The foundation should provide solid support to the mattress, especially an all-foam or pocket coil mattress. Adjustable foundations can elevate the feet and/or upper body for a better sleep position.
Have well-fitting sheets for the bed, and use the right covers for the season. Loose night clothes are best for sleep. Also have the pillow which best suits you.
Two previous articles in this blog, A Time to Sleep – Part 1 and A Time to Sleep – Part 2, focused on the time we go to sleep and how much sleep we need. It should be obvious that if we need a certain amount of sleep, we should go to sleep that amount of time before we have to wake up.
However, this does not work well with different times each day. Our bodies are designed to have circadian rhythms. These are 24-hour cycles of when we are up and when we are down, and it depends on consistency. This is the cause of jet lag. When we go to a place several time zones away in a matter of hours, our bodies are out of sync with the local time at our destination.
We can induce jet lag with a sudden shift change. As much as you can, go to bed and wake up at the same times each day, even on days off. This keeps your body clock set. If you change shifts every few weeks, begin re-adjusting your sleep time as soon as you can. Two or three days gives you a better start on your new sleep schedule. Be sure to account for the time to get ready to go after you get up. If it takes an hour, set your wake-up time at least an hour before you’ll leave.
Between two and four hours before bed, begin to shift from more intense to quieter activity. This allows you to begin winding down. Get your exercise during the day, and in the evening do less strenuous things. Turn off the TV a half hour to an hour before bedtime. Choose a relaxing show for the last one of the night. Read a book or browse through photos. Keep any electronic screen devices outside the bedroom unless needed to control the bed (then lay it screen-side-down).
During the day, it is all right to take a short nap if you need it. Take it no later than the afternoon and limit it to no more than 30-45 minutes so it does not compete with your regular sleep.
What we eat and drink approaching bedtime affects whether and how we sleep.
- If you’re hungry about an hour before bed, settle for a light snack. If you eat a big pizza with loads of pepperoni at this time, you may lie there feeling like the “before” of an Alka-Seltzer commercial.
- Coffee and other caffeinated drinks are great for a start in the morning, because they help wake you up, but they’re a poor choice for the last three or four hours before bed – for the same reason.
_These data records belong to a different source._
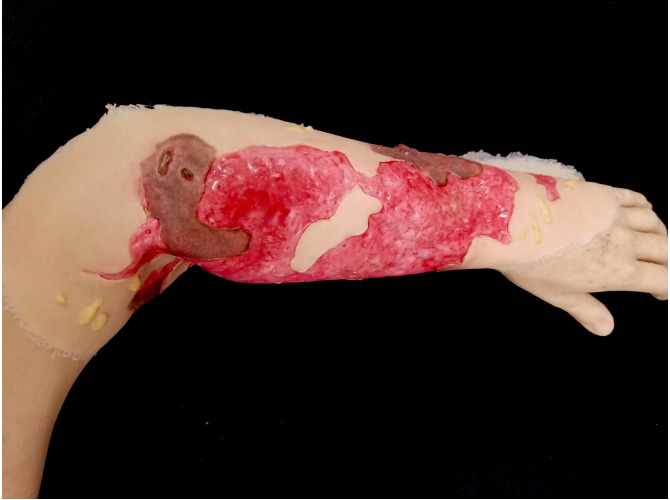 SW017_3degreeARM_debrided_2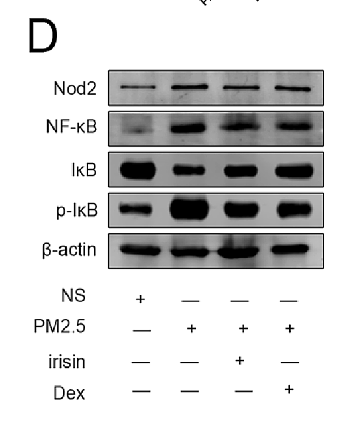 37003140 ET1603-12.png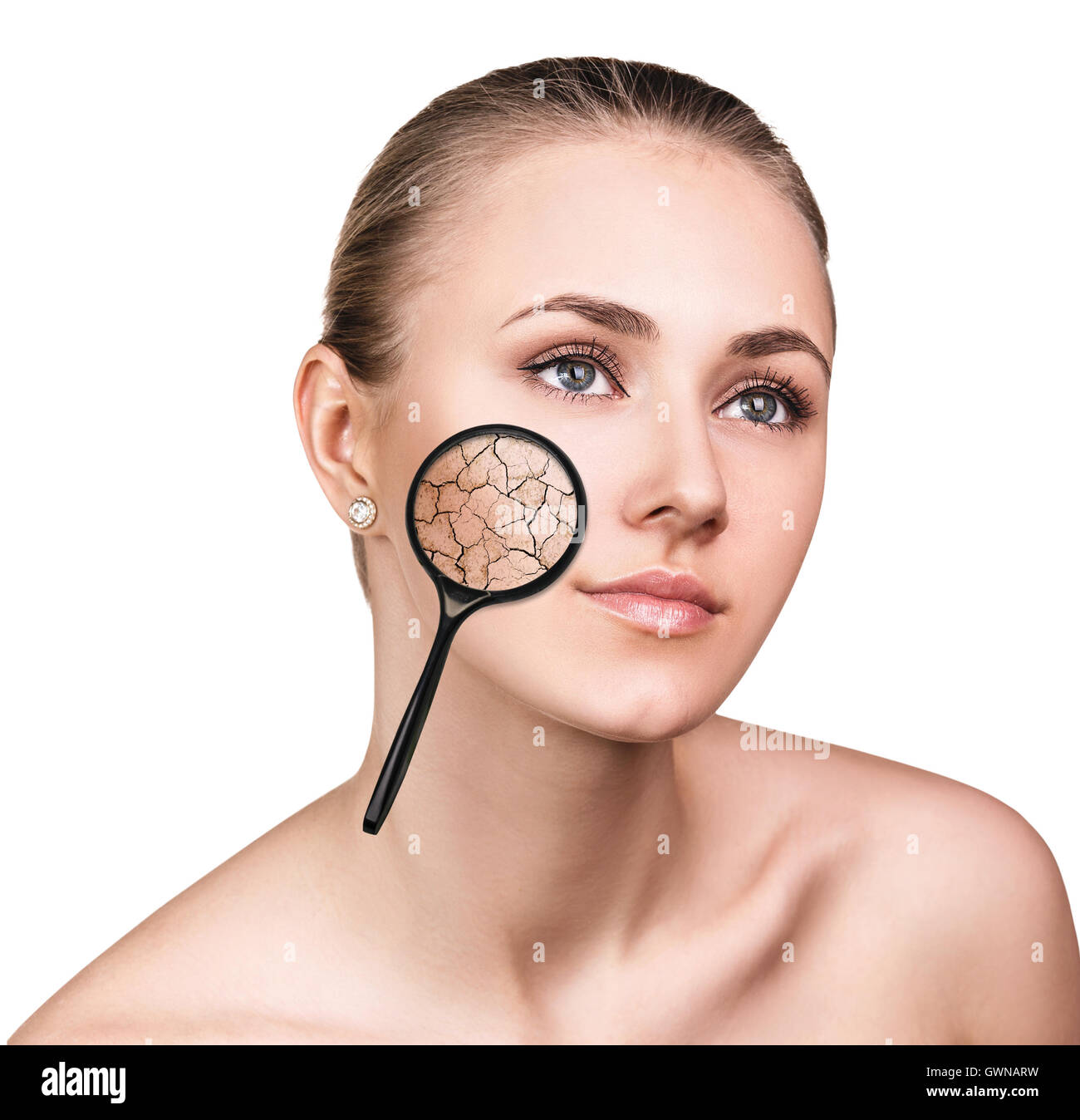 Face of young woman with dry skin Stock Photo - Alamy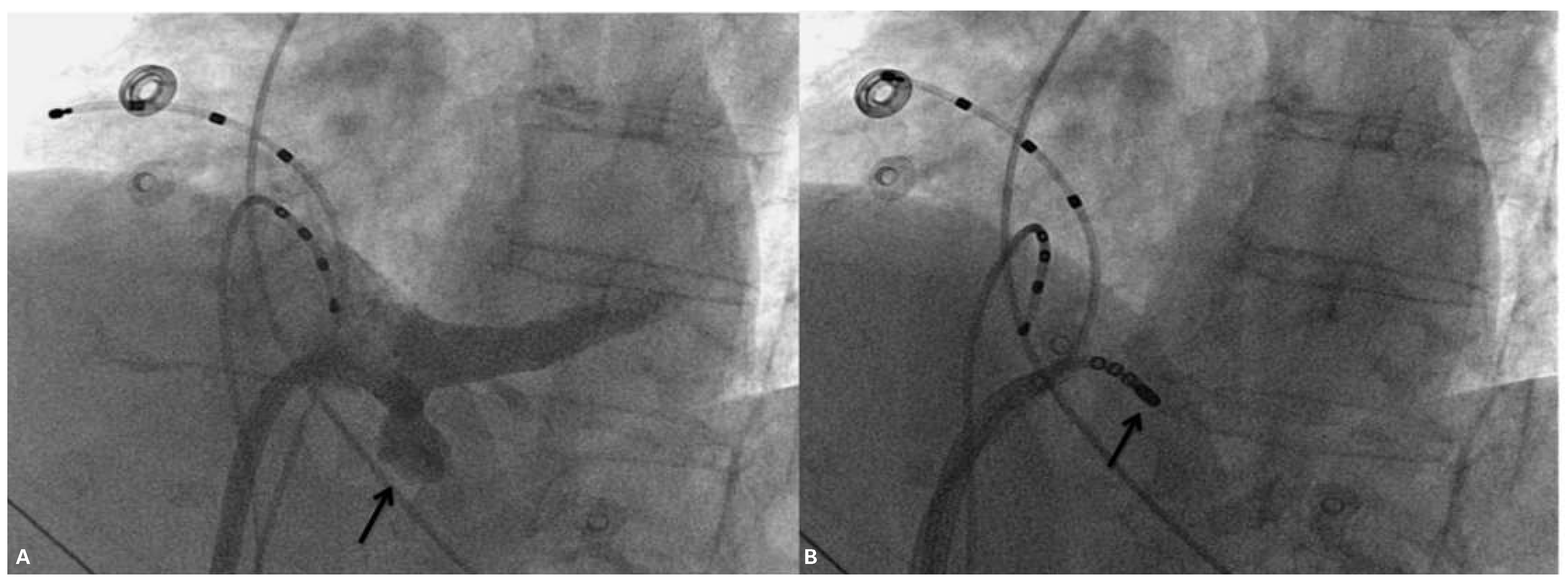 Cardiovascmed 19 00034 g002 Cardiovascmed 19 00034 g002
- Alcohol may help you get to sleep by relaxing you, but a little later it will disturb your sleep by stimulating you.
Factors Outside Our Control
Many of the factors affecting how we sleep are within our control. However, when certain key components of our sleep hygiene are not under our control, we need to make adjustments for good sleep quality. For most of us, one of the factors controlled by others is our work and school schedules.
As has been shown by several studies, scheduling of required activities (in this case school) has an effect on adolescent students’ length and quality of sleep. The same is true regarding work schedules. Many industries by necessity have round-the-clock operations. This requires workers to be present all hours of the day and night. Some places have fixed schedules, where a person works one shift for a long time (permanent or several months). Other places have rotating shifts.
In conclusion, to get better sleep so we are awake and alert during the day, we need to control what we can and make adjustments for what we can’t.